CVE-2023-6842: 
WordPress vulnerability analysis and mitigation

The Formidable Forms WordPress plugin (versions up to 6.7) contains a Stored Cross-Site Scripting vulnerability (CVE-2023-6842) discovered in January 2024. The vulnerability exists in the name field label and description field label parameter due to insufficient input sanitization and output escaping (NVD).

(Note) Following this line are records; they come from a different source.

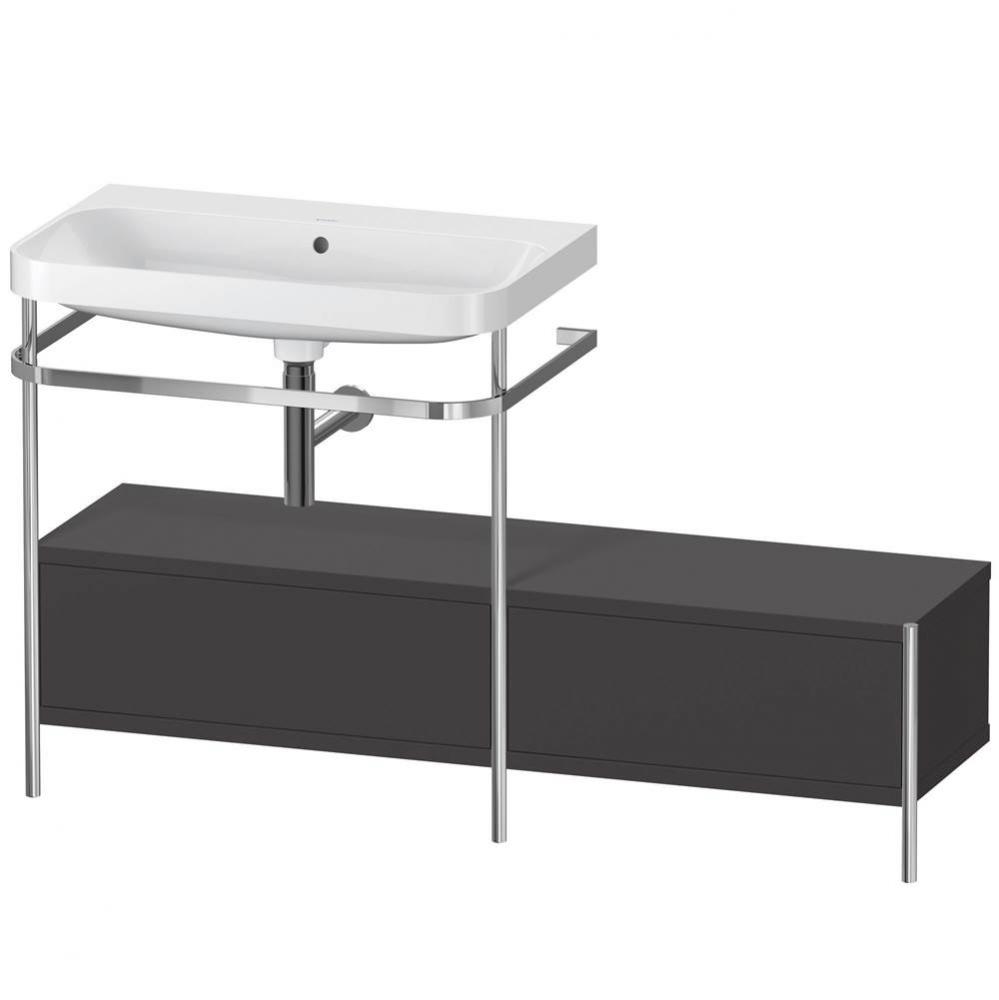 Happy D.2 Plus C-Shaped Vanity Kit with Sink and Metal Console Graphite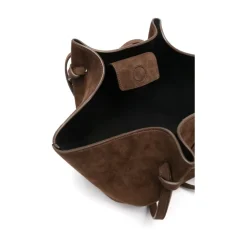 Brun Ruskind Skuldertaske med Knude Detaljer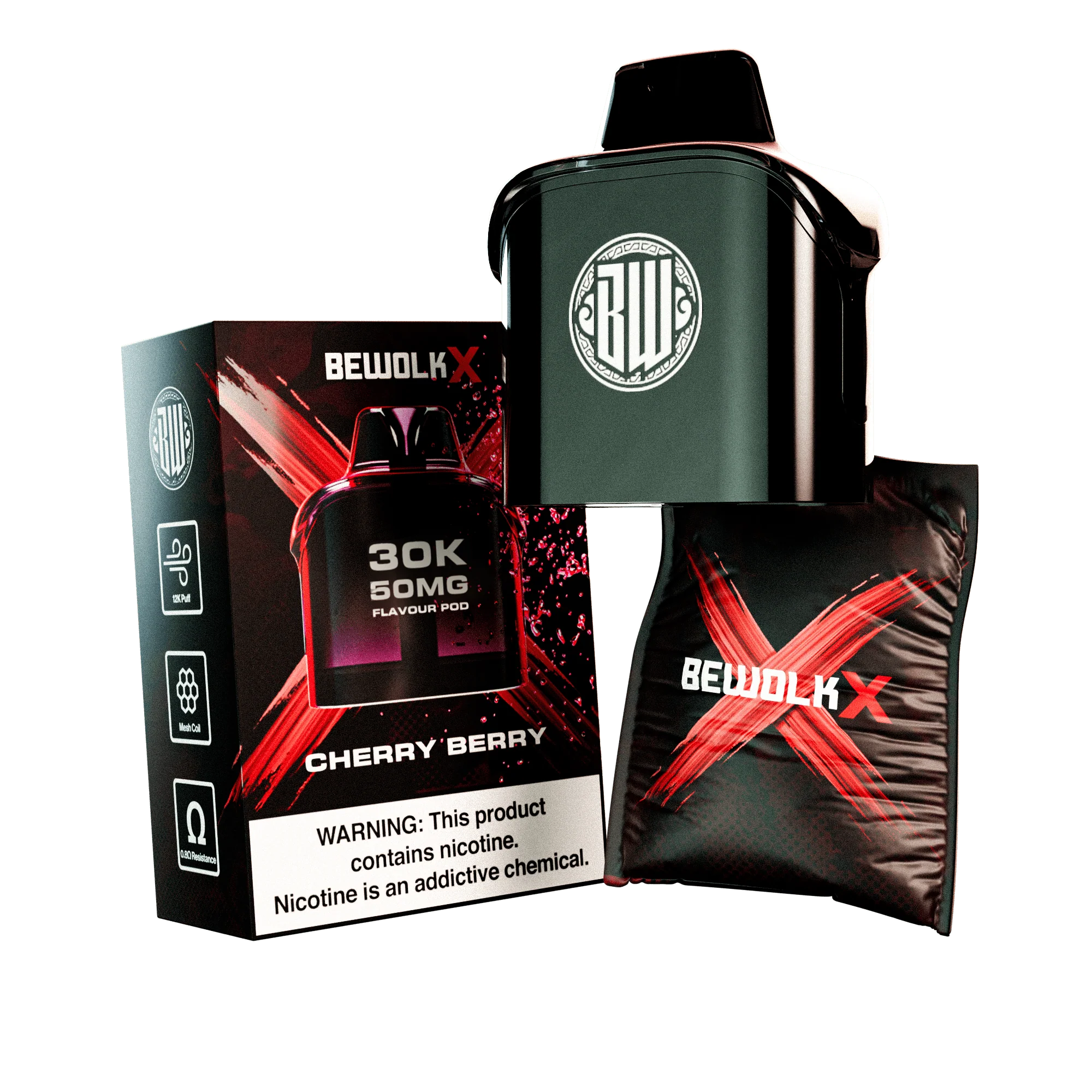BEWOLK X 30K REPLACEMENT POD 50MG - CHERRY BERRY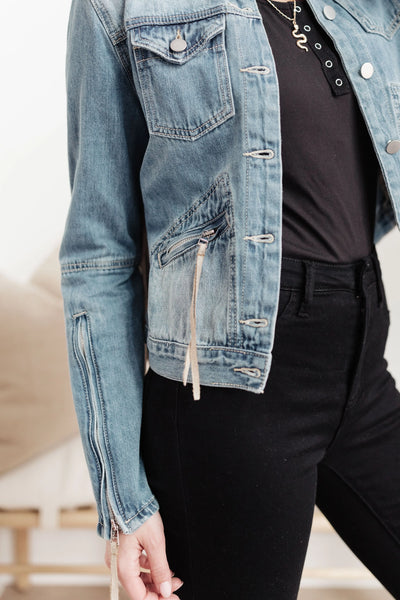 On The Fringe Jacket in Denim Womens Southern Soul Collectives 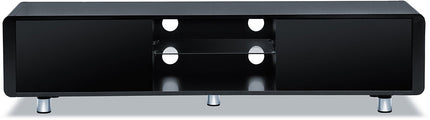 Centurion Supports CAPRI Gloss Black with Black Sides Beam-Thru Remote Friendly 32"-65" Flat Screen TV Cabinet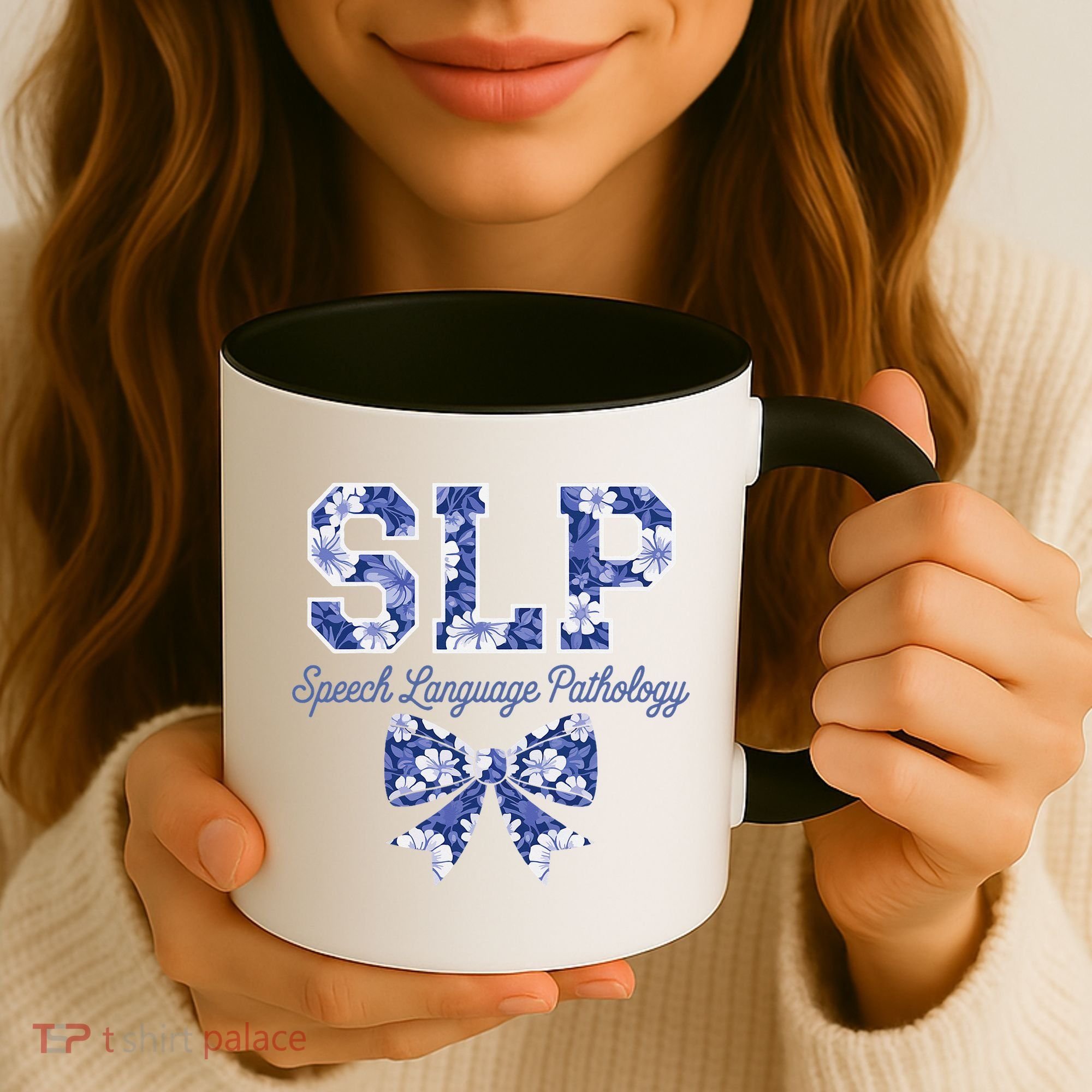 SLP Speech Language Pathology Floral Coquette Blue Bow Coffee Mug
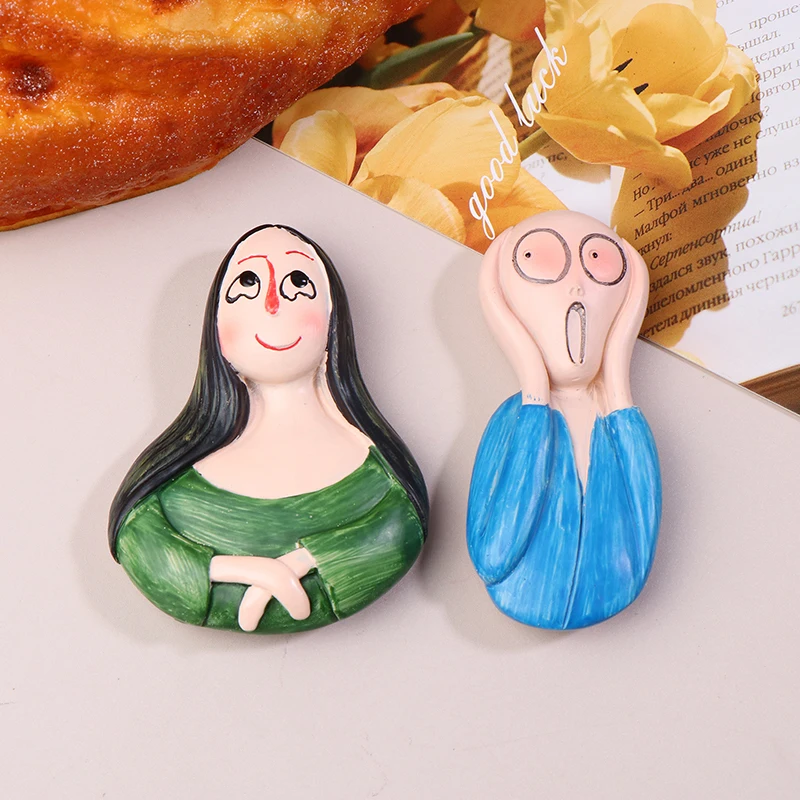 Van Gogh Mona Lisa Swimm Girl Pearl Earrings 3D Fridge Magnets Stickers Cartoon Character Refrigerator Stickers Home Decoration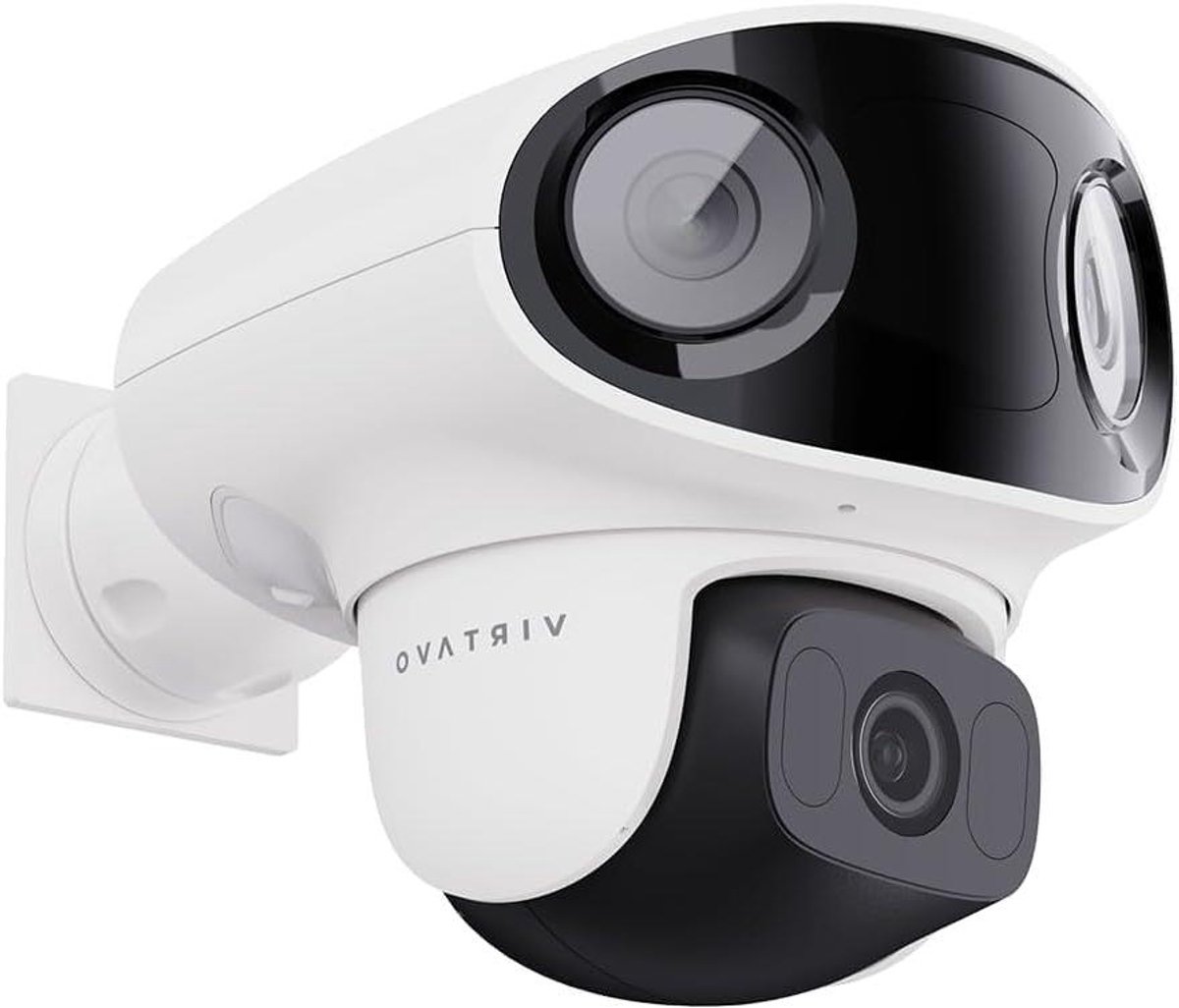 Bewakingscamera Buiten - Drieoog Camera - Huis Beveiligen - Met Alexa Werkt - 2 MP - Wit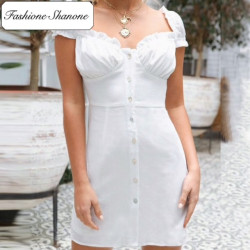 Fashione Shanone - Limited stock - Buttoned dress with ruffle
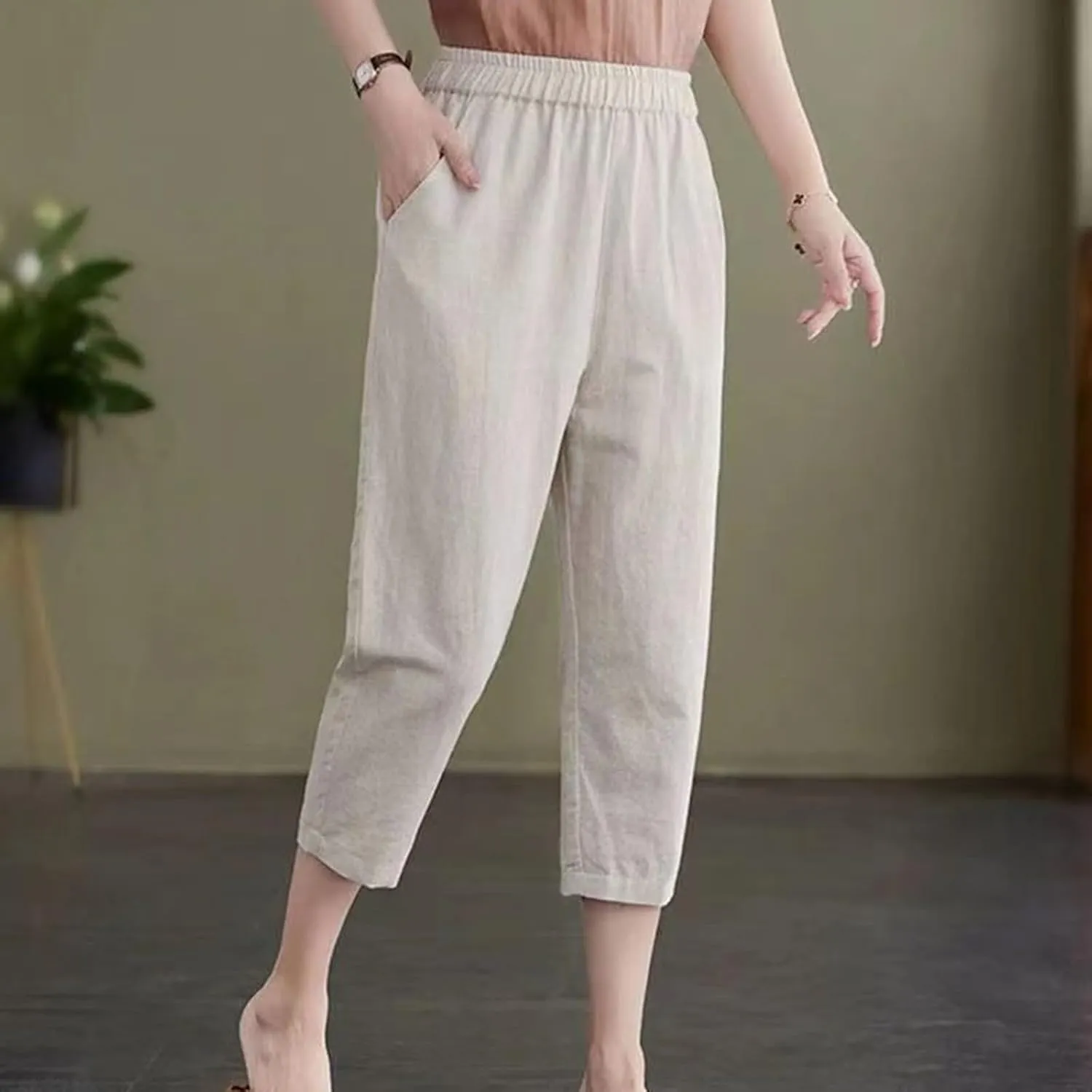 GOFULY Womens Capri Pants 2025 Summer Elastic Waist High Waisted Pants Casual Straight Wide Leg Pockets Solid Cropped Trouser
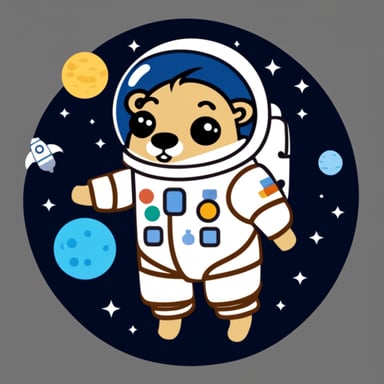 Go Blue Gopher floating in space as an astronaut.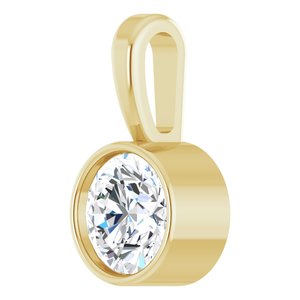 14K Yellow Gold Round 4Mm Gh Si1-Si2 1/4 Ct Lab-Grown Diamond Solitaire Bezel-Set Pendant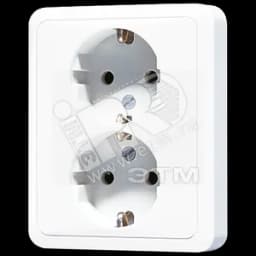 Розетка 16A 250V / 10A 250V сдвоенная JUNG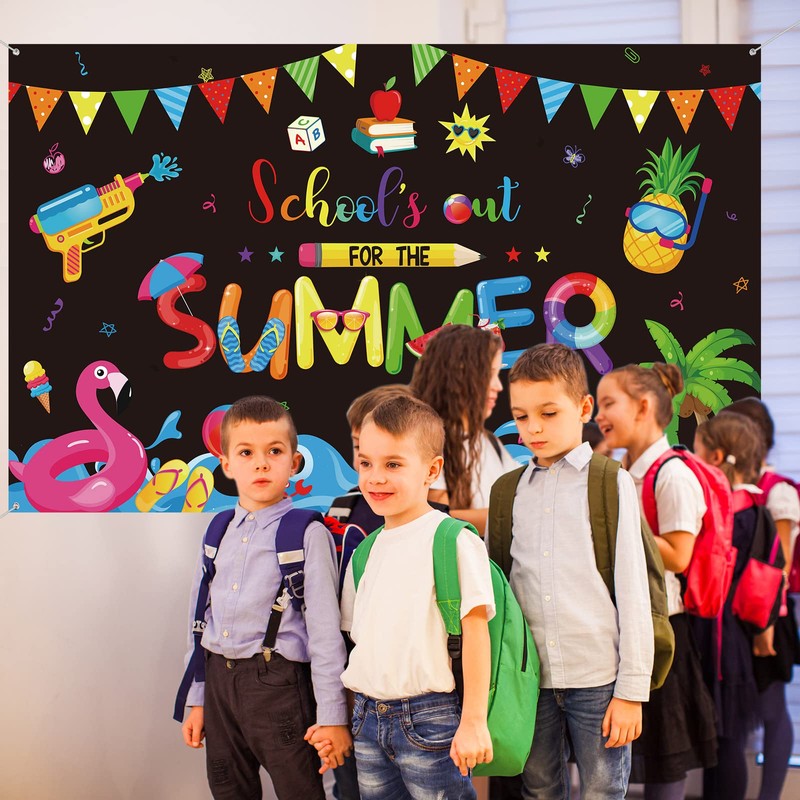 School's Out for The Summer Backdrop Pool Party Decorations End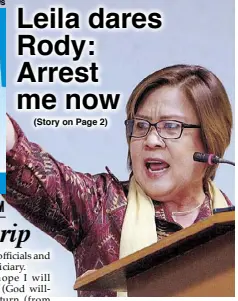  ?? GERE MY PINTOLO ?? Sen. Leila de Lima gestures during an emotional press briefing at the Senate yesterday.
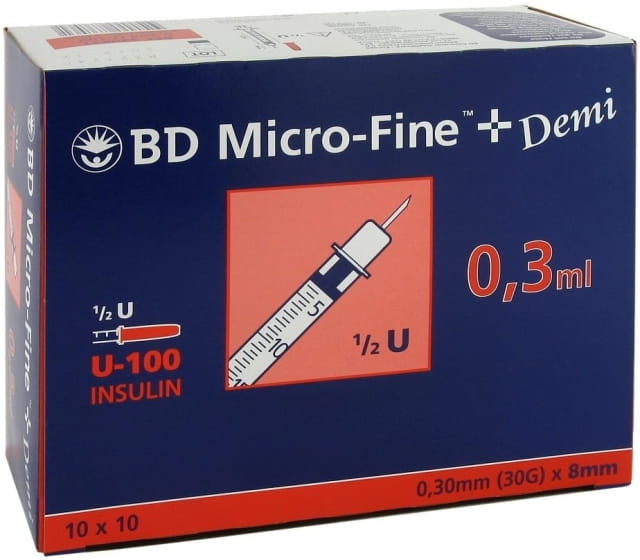 BD Micro-FineTM+ U 100 Insulin Shots 0.3 x 8 mm (Pack of 100)
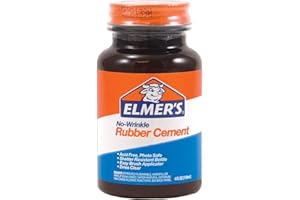 Elmer's Easy to Use Photo-Safe Repositionable No Wrinkle Clear Rubber Cement Adhesive, 4 Ounce, (6 Pack)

The vulnerability allows authenticated attackers with administrator-level access to inject arbitrary web scripts that execute when users access affected pages. By default, this primarily affects multi-site installations and installations where unfiltered_html has been disabled. The vulnerability received a CVSS v3.1 base score of 4.8 (Medium) with vector string CVSS:3.1/AV:N/AC:L/PR:H/UI:R/S:C/C:L/I:L/A:N from NIST, and 4.4 (Medium) from Wordfence (NVD).

When exploited, the vulnerability allows attackers to inject malicious scripts that execute in users' browsers when they access compromised pages. While the impact is limited by the requirement of administrator-level access, the vulnerability can potentially affect lower-level users if they have been granted specific form management permissions through the formidable settings (NVD).

Users should upgrade to a version newer than 6.7 of the Formidable Forms plugin to address this vulnerability. The fix has been implemented through improved input sanitization and output escaping (NVD).